- _EXTRACTED DATA_
□ □ □ □ □

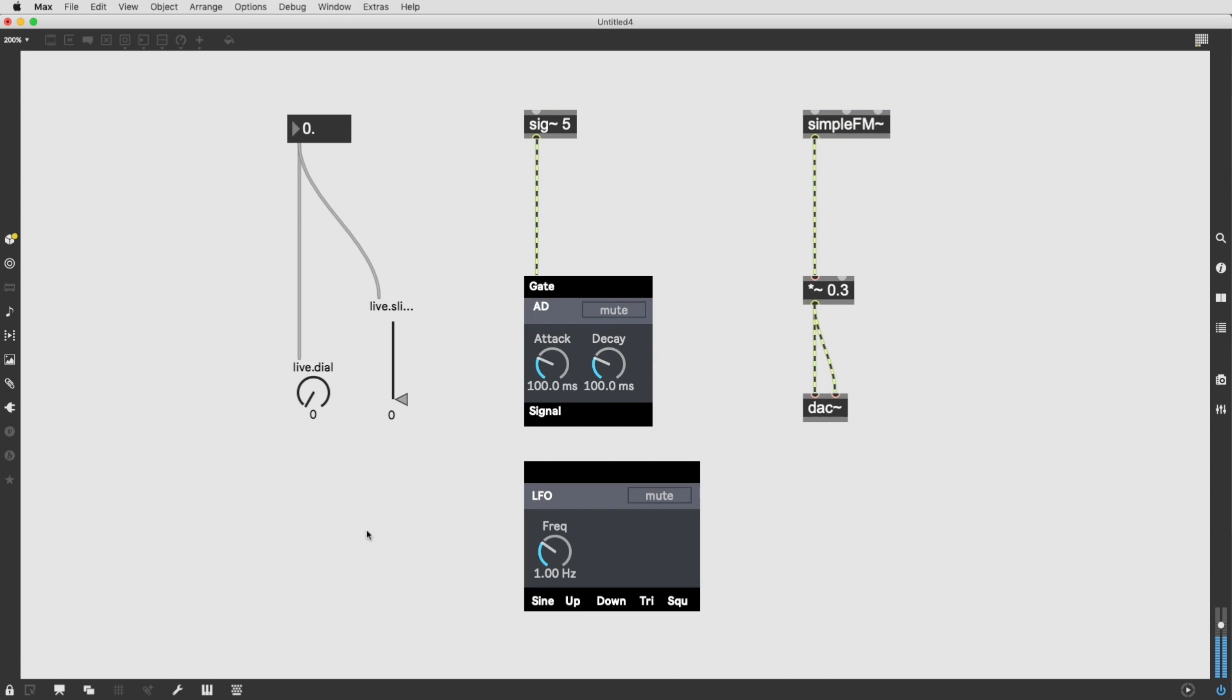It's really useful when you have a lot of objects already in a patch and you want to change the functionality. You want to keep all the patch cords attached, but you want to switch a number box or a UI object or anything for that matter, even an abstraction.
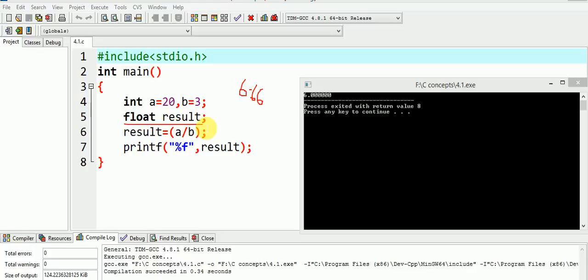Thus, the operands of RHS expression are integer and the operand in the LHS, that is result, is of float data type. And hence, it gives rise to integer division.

□ □ □ □ □

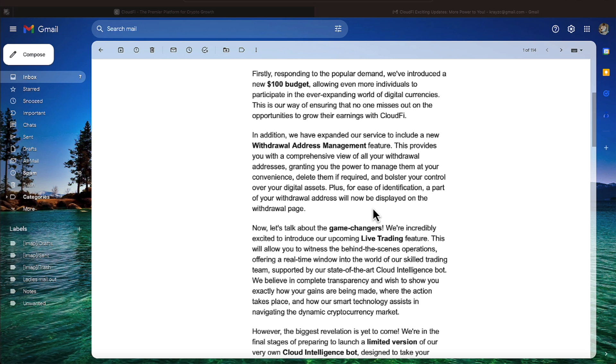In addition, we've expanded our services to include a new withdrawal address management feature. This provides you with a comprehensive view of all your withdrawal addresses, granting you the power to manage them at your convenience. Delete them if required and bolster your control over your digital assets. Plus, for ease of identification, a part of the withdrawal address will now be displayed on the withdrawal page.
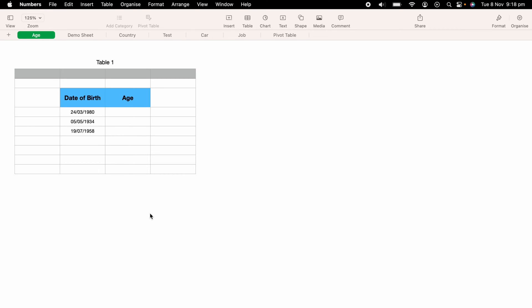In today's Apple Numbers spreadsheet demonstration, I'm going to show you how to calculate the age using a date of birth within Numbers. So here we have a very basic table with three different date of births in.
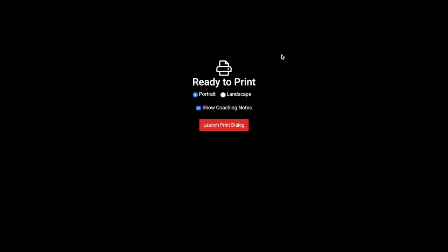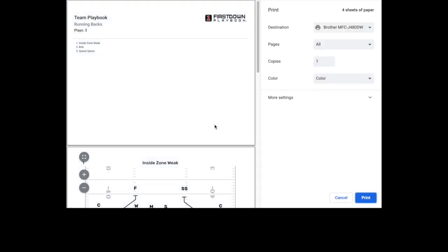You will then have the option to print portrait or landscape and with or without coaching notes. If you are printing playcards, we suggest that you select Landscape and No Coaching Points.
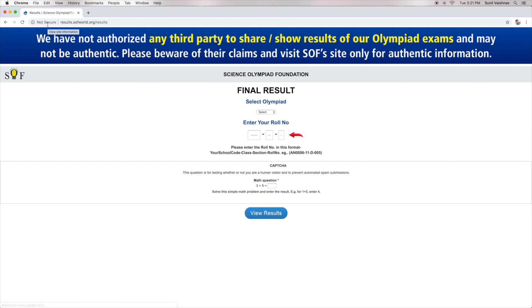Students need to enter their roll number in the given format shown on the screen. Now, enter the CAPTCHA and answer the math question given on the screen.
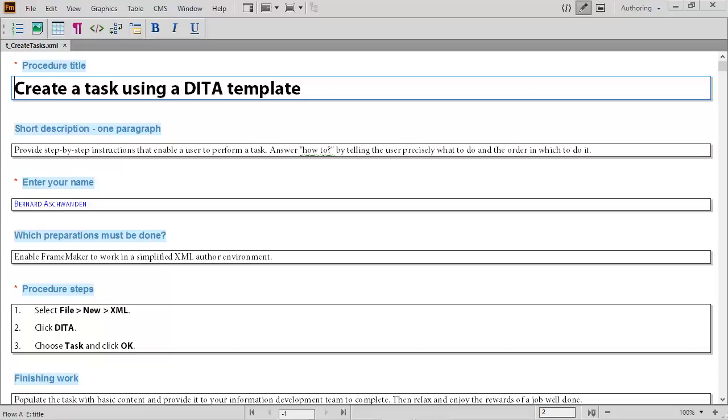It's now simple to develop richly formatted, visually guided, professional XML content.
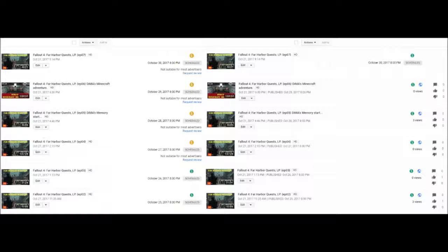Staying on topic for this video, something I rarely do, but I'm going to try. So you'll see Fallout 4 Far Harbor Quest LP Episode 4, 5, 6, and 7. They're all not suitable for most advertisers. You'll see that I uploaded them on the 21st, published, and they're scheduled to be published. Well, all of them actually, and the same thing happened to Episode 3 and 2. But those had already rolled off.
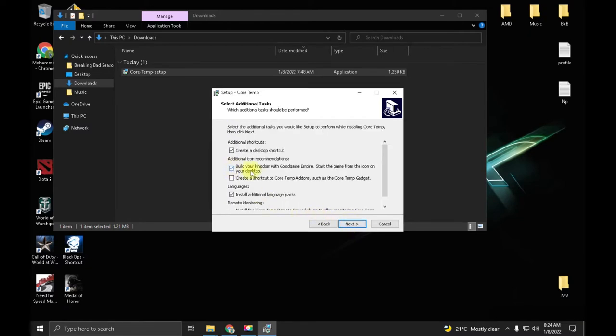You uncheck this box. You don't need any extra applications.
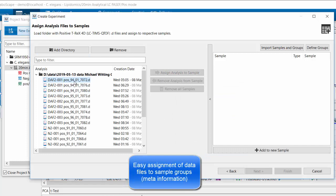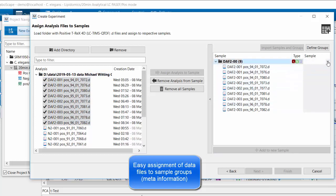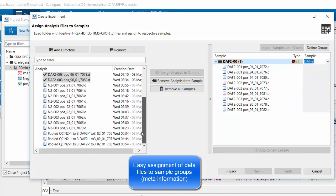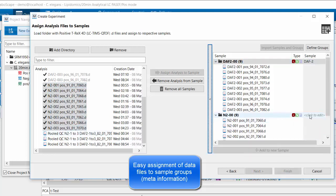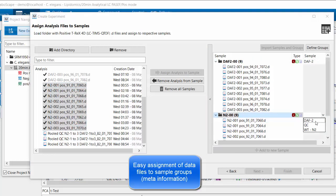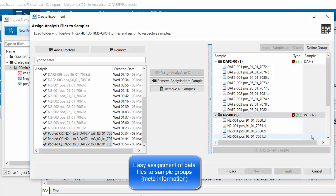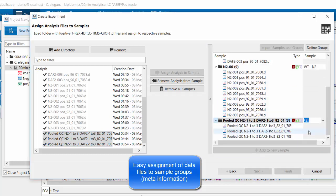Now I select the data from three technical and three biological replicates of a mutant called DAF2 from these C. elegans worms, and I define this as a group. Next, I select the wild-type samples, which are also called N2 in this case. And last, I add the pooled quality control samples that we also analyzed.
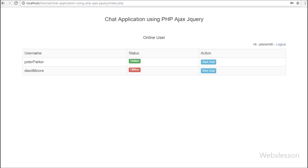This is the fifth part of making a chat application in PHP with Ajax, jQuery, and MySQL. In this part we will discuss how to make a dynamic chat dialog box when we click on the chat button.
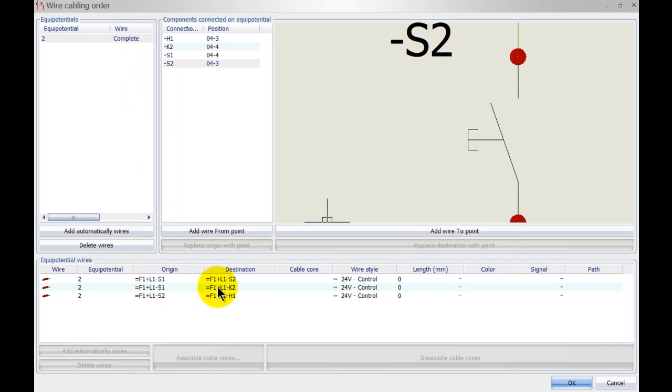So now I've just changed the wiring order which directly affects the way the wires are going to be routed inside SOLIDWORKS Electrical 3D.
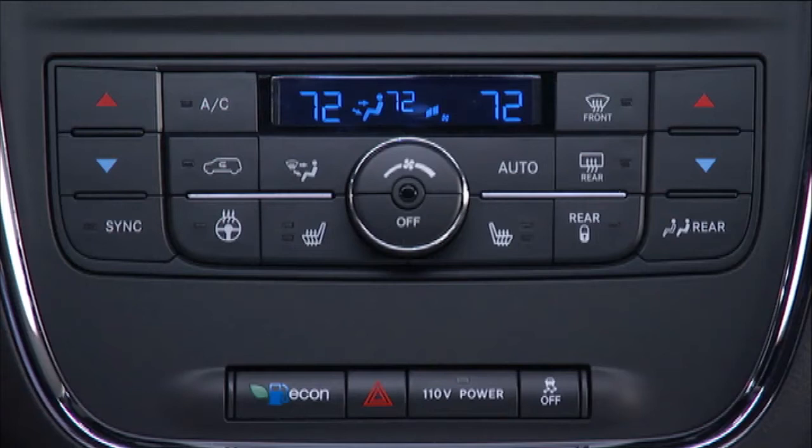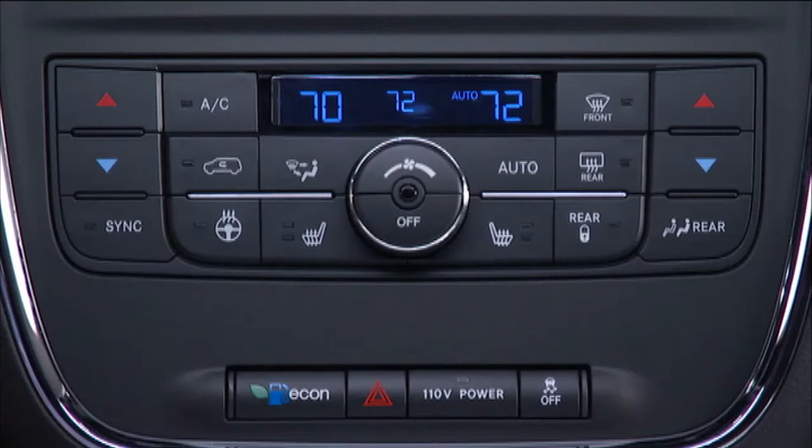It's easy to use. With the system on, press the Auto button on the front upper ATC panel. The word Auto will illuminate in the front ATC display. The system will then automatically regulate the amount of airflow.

□ □ □ □ □

- _YOUR GOAL_
Give again the stretch of the entries above that begins at the line with "It's really useful" and ends at the line with "Thus, the operands", word for word, with no pictures.

- _TASK RESPONSE_
It's really useful when you have a lot of objects already in a patch and you want to change the functionality. You want to keep all the patch cords attached, but you want to switch a number box or a UI object or anything for that matter, even an abstraction.
Thus, the operands of RHS expression are integer and the operand in the LHS, that is result, is of float data type. And hence, it gives rise to integer division.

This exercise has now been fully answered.